Tyrn Flowers

Personal information
- Born: January 17, 1998 (age 28) Waterbury, Connecticut, U.S.
- Listed height: 6 ft 9 in (2.06 m)
- Listed weight: 200 lb (91 kg)

Career information
- High school: Sacred Heart (Waterbury, Connecticut)
- College: UMass (2016–2017); LIU (2018–2022);
- NBA draft: 2022: undrafted
- Playing career: 2022–present
- Position: Power forward / center

Career history
- 2022: Ontario Clippers
- 2023: Sheffield Sharks
- 2023: Svendborg Rabbits
- 2023–2026: AEL Limassol
- 2026-: Keravnos B.C.

Career highlights
- First-team All-NEC (2022); 2× Second-team All-NEC (2020, 2021); Third-team All-NEC (2019);

= Tyrn Flowers =

American basketball player

Tyrn Bryan Flowers (born January 17, 1998) is an American professional basketball player. He played college basketball for the Long Island University.

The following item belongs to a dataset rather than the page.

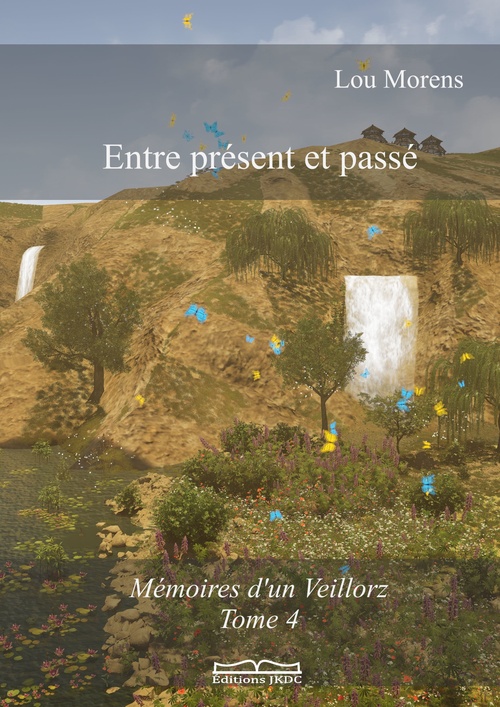 ebook cover of Entre présent et passé, by Lou Morens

==Early life and high school==
Flowers attended Sacred Heart High School in Waterbury, Connecticut, where he was a 3-star recruit according to ESPN and 247Sports. He was number 4 in his recruiting class in Connecticut, number 45 small forward, number 54 in the Northeast region. He played AAU for NY RENS basketball.

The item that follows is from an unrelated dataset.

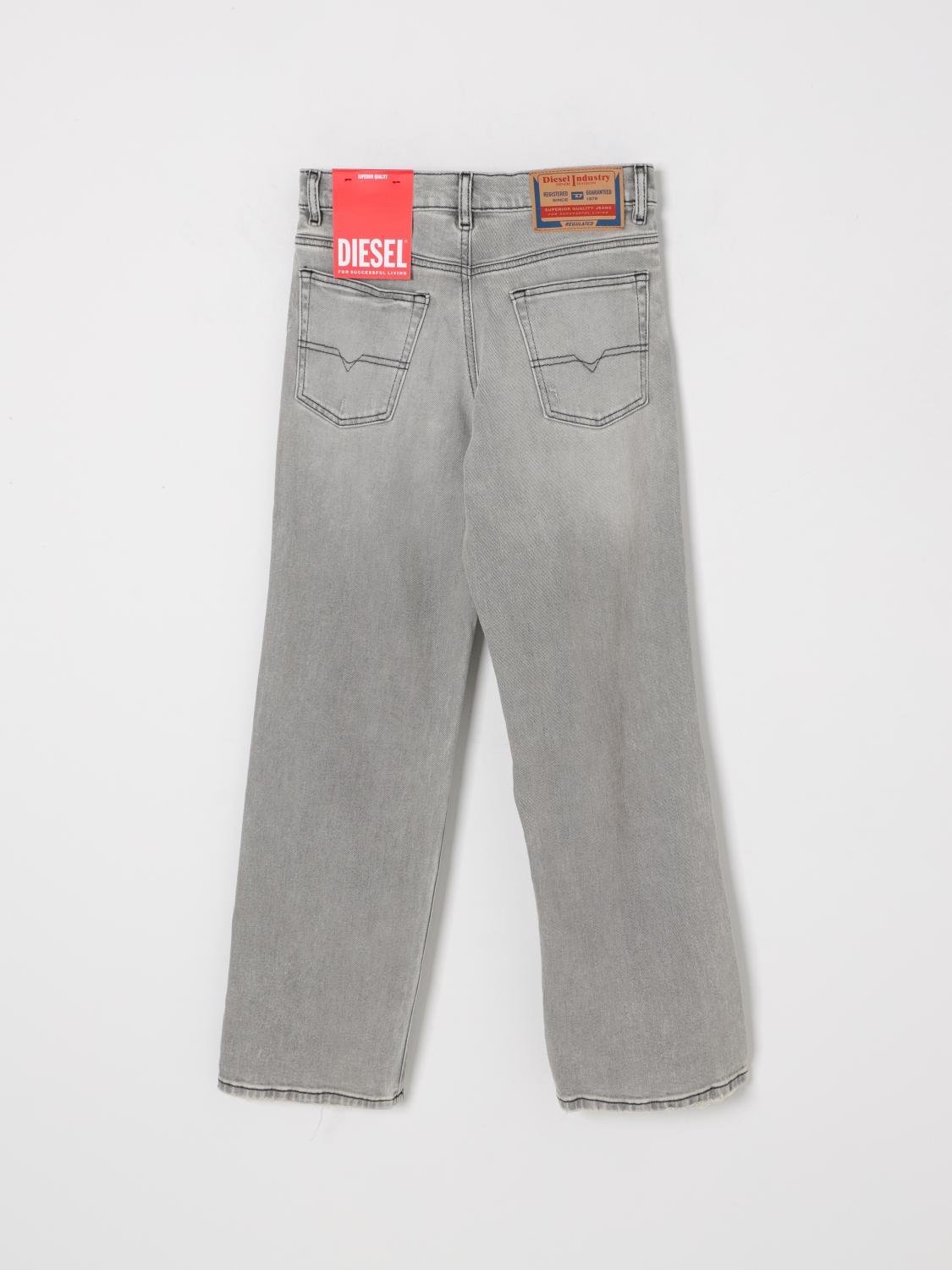Diesel Jeans Kids Black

In April 2016, Flowers committed to University of Massachusetts Amherst He chose them over Boston College, Maryland, and Providence College.

==College career==

=== University of Massachusetts Amherst (2016–2017) ===
As a freshman at University of Massachusetts Amherst, he made 33 appearances and started five games. He averaged 4.5 points and 2.6 rebounds per game.

=== Long Island University (2018–2022) ===
Flowers transferred to Long Island University (LIU) and sat out the season due to NCAA transfer rules.

During the 2018–2019 season, Flowers was third-team All-NEC. He started all 32 games. He set new career highs in every single category including points, rebounds, assists, and blocks. He finished the year with 13.7 points per game.

During the 2019–2020 season, Flowers was second-team All-NEC. He appeared in 33 games and started in 32. He averaged 14.3 points, 9.6 rebounds and 2 assists per game. He led the team in rebounds and second in scoring.

On February 8, 2020, Flowers scored 25 points and grabbed 27 rebounds in a game, breaking the single-game rebound record of 26 set by Carey Scurry in 1983.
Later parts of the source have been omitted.